WHAT YOU HAVE TO DO:
Go through the following data and transcribe exactly the stretch of lines from the one holding "The Dodge Dart" to the one holding "Winnie Versatile Everyday", both included.

┌────────

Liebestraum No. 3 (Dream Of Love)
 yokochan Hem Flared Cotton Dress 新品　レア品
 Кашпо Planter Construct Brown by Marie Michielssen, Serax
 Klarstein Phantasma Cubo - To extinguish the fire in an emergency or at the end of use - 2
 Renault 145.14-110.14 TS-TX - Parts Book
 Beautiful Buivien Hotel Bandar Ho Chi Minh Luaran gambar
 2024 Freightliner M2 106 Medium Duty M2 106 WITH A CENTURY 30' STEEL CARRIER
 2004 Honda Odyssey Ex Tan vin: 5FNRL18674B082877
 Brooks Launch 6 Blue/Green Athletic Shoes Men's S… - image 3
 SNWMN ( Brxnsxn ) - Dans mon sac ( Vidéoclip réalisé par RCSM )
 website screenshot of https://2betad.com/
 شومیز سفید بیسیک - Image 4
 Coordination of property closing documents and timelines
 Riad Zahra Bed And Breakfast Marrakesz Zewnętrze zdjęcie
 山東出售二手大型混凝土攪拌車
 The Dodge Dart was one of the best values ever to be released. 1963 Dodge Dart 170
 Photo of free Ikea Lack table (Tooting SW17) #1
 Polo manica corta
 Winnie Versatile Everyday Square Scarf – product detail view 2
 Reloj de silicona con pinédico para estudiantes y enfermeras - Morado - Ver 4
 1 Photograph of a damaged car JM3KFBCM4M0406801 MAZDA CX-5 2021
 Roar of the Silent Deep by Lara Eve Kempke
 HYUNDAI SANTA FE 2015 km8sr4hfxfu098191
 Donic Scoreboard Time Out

└────────

SOLUTION FOR THIS EXERCISE:
 The Dodge Dart was one of the best values ever to be released. 1963 Dodge Dart 170
 Photo of free Ikea Lack table (Tooting SW17) #1
 Polo manica corta
 Winnie Versatile Everyday Square Scarf – product detail view 2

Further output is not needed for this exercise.